Faith leaders enjoy a level of credibility that can give lie to the rhetoric the administration uses to dehumanize immigrants and to instill fear in American communities, said Woolf, senior minister of Lake Street Church, an Alliance congregation in Evanston, Ill. “Ostensibly the federal government would say torture is legal, but we know it’s wrong.
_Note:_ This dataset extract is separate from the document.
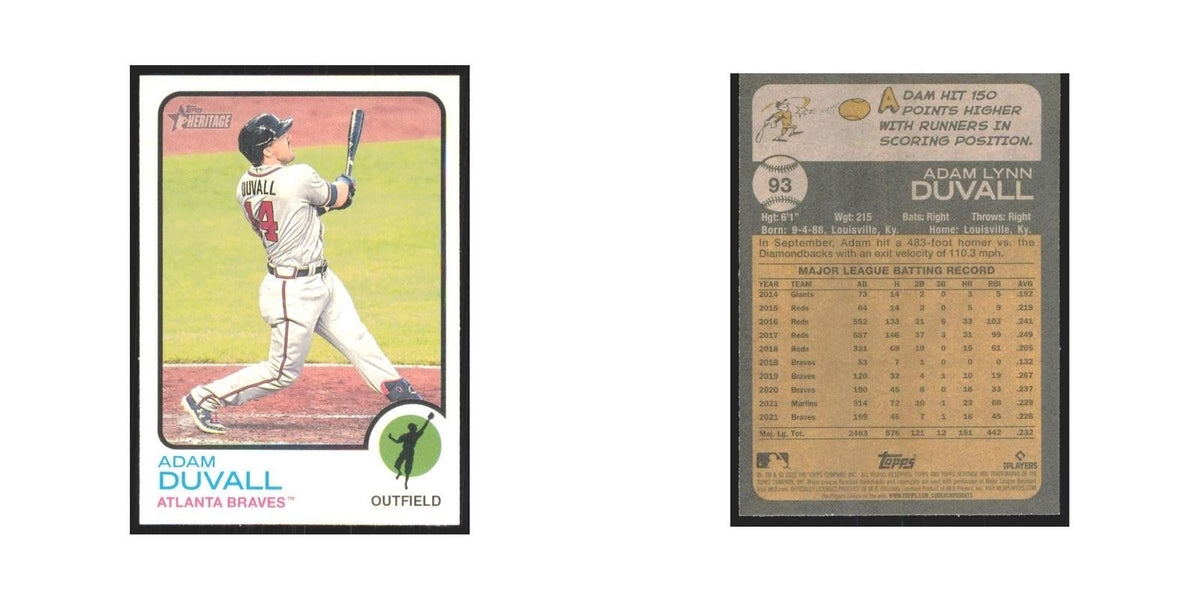 2022 Topps Heritage Adam Duvall Braves #93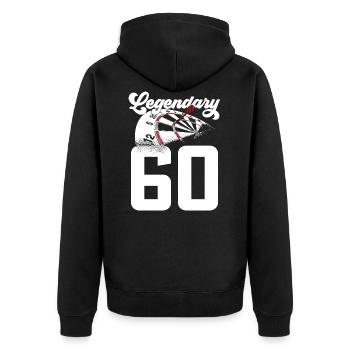 LEGENDARY 60. GEBURTSTAG DARTS LEGENDE 1961 - Unisex Premium Bio Zip Hoodie - Schwarz - Hinten - Nico (187cm)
We can tease out the narratives of the state because we’ve been doing that since the beginning.”
Woolf was joined in the “Building Solidarity for the Defense of our Communities” discussion by Julio Hernandez, executive director of the Congregation Action Network, and Chalice Overy, associate pastor at Pullen Memorial Baptist Church in Raleigh, N.C.
Together they described the effect Immigration and Customs Enforcement actions are having on local communities and offered encouragement and suggestions on how congregations can respond when masked agents appear in their cities and towns.
“What brought us to this conversation tonight are the many ICE raids that are happening throughout the country, and what we are hearing from Alliance pastors and clergy and folks about how they are affecting your congregations,” said Alexis Tardy, webinar moderator and coordinator of the Alliance’s THRIVE anti-racism initiative.
Woolf, who is affiliated with American Baptist Churches USA, offered firsthand accounts of the violent tactics federal agents and state law enforcement are using against immigrants and protesters alike.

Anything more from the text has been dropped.